Collected data
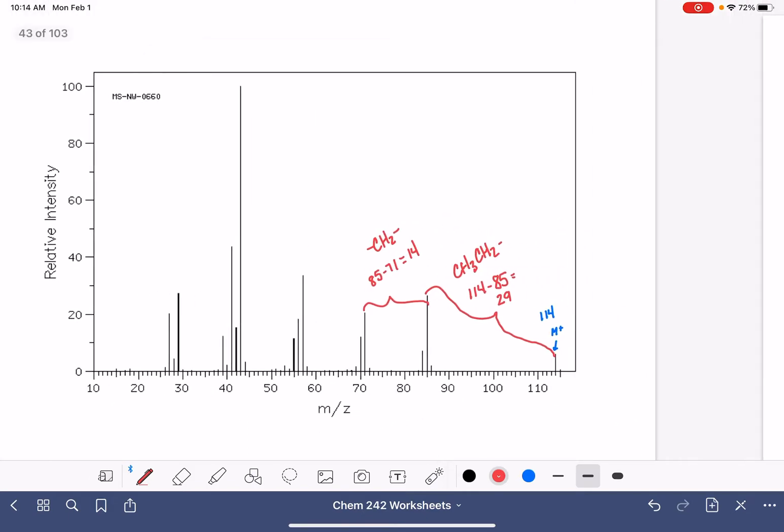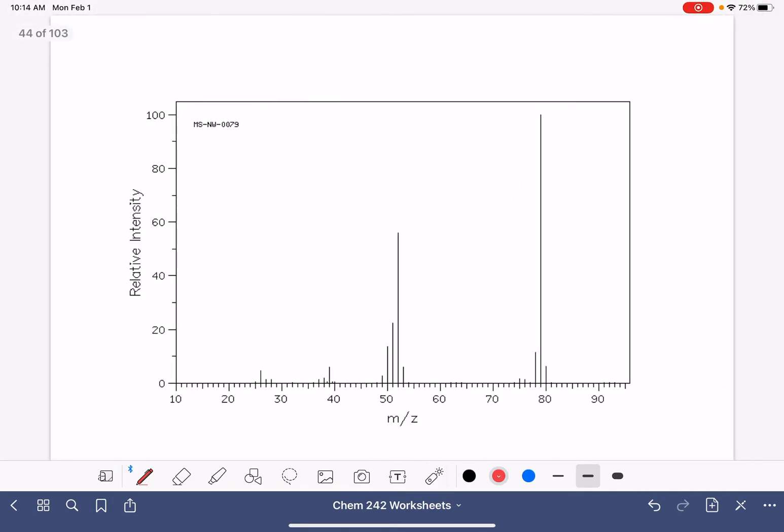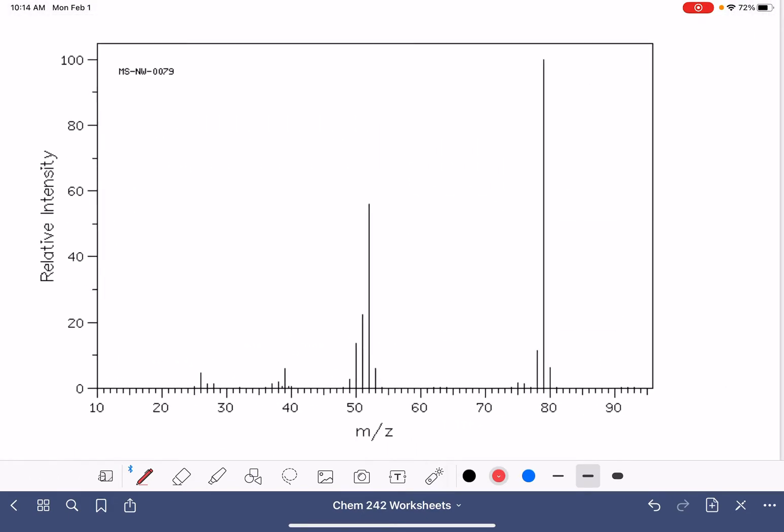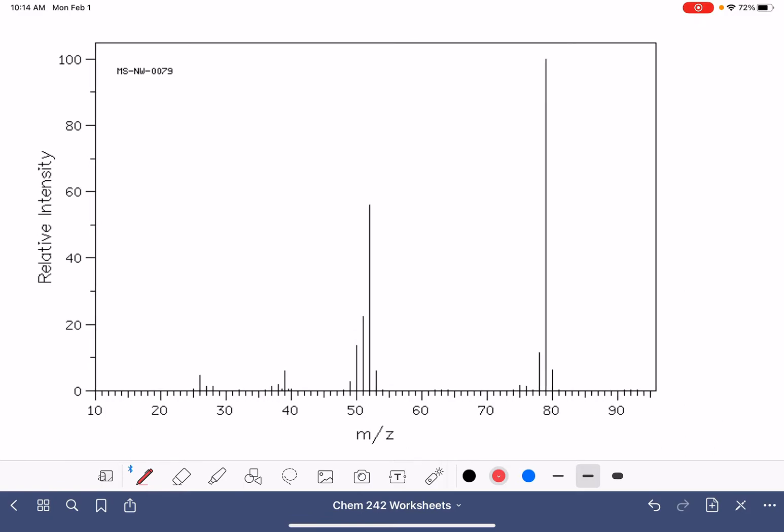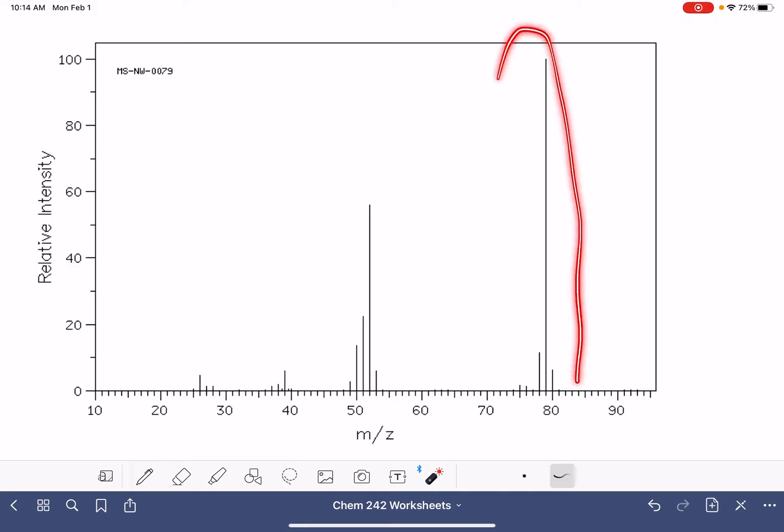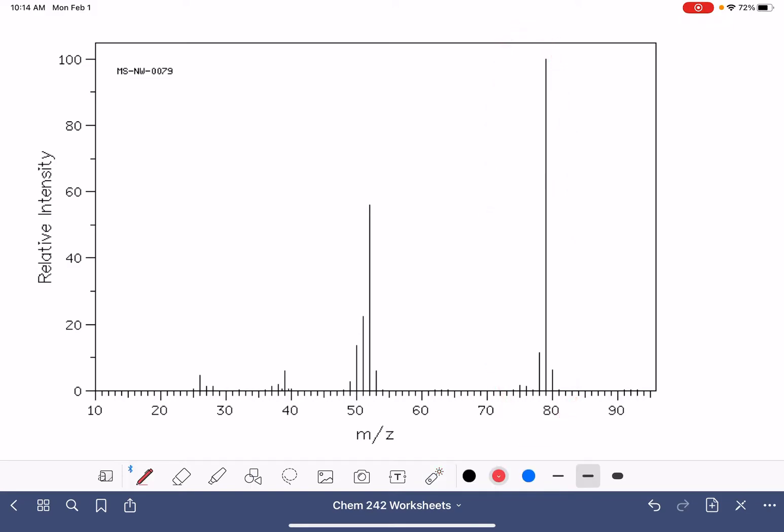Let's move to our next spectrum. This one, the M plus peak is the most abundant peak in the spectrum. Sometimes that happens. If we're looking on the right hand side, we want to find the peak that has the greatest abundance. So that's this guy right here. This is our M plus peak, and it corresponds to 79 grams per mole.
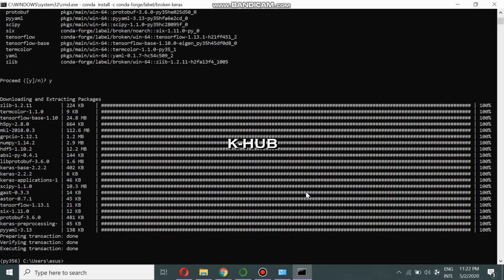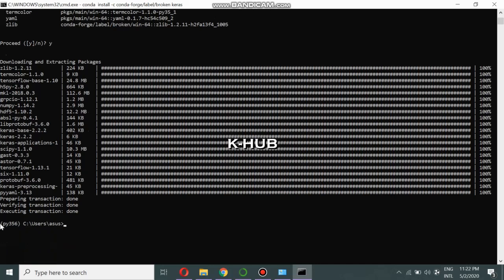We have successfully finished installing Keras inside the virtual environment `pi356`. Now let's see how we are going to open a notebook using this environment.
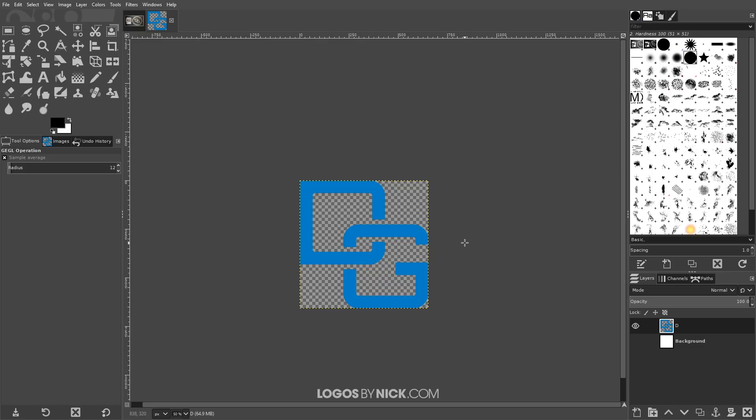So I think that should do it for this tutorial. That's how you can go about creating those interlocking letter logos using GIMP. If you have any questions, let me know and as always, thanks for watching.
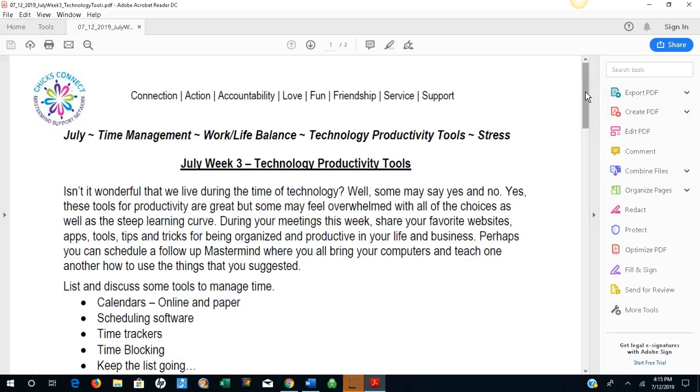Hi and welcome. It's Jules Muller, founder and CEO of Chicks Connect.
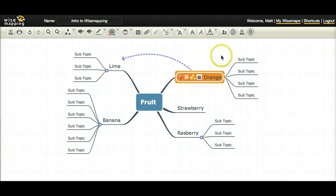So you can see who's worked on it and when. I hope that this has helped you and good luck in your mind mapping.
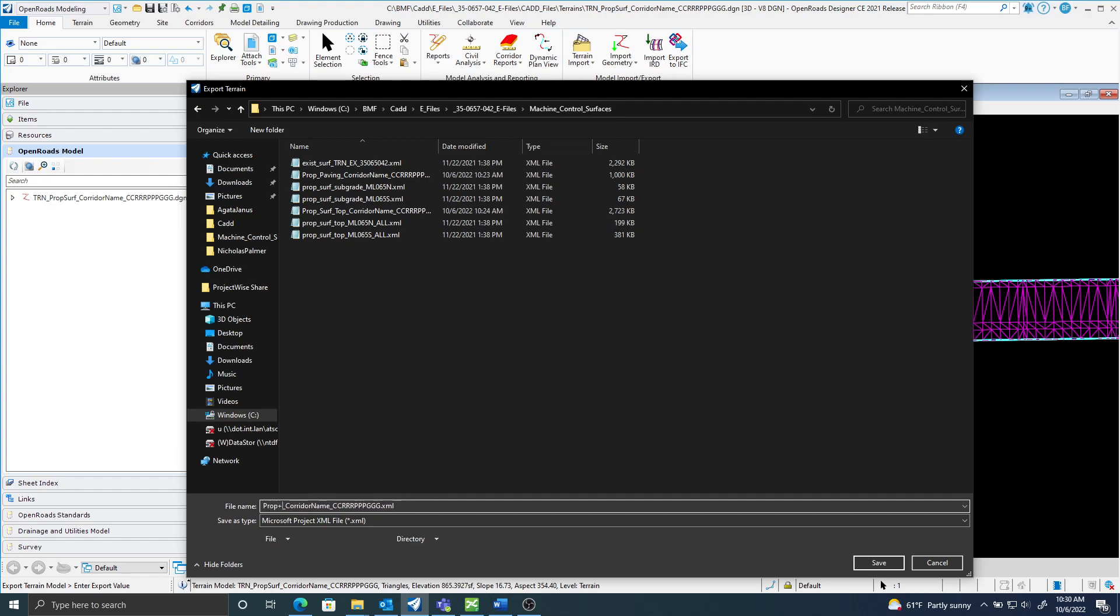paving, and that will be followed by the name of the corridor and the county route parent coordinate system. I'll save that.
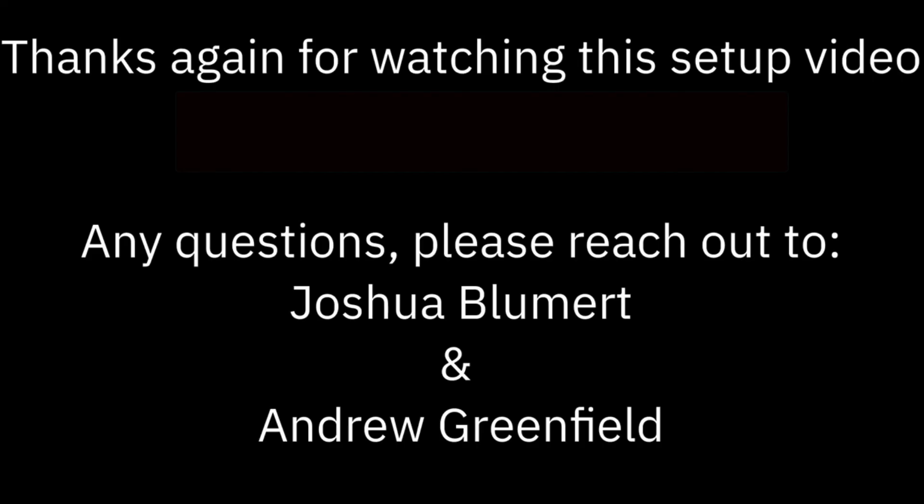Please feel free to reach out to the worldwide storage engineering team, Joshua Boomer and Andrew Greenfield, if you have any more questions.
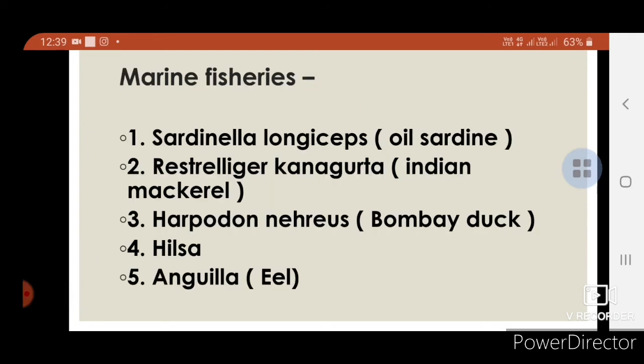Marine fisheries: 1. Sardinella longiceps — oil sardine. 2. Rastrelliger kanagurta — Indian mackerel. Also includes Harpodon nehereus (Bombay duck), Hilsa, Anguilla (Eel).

## Task requirements
Each line from the one containing "Hi and welcome." through the last line of the data should be written out exactly. Skip the pictures, and add no other lines.

## Reply to the exercise
Hi and welcome. It's Jules Muller, founder and CEO of Chicks Connect.
So you can see who's worked on it and when. I hope that this has helped you and good luck in your mind mapping.
paving, and that will be followed by the name of the corridor and the county route parent coordinate system. I'll save that.
Please feel free to reach out to the worldwide storage engineering team, Joshua Boomer and Andrew Greenfield, if you have any more questions.
Marine fisheries: 1. Sardinella longiceps — oil sardine. 2. Rastrelliger kanagurta — Indian mackerel. Also includes Harpodon nehereus (Bombay duck), Hilsa, Anguilla (Eel).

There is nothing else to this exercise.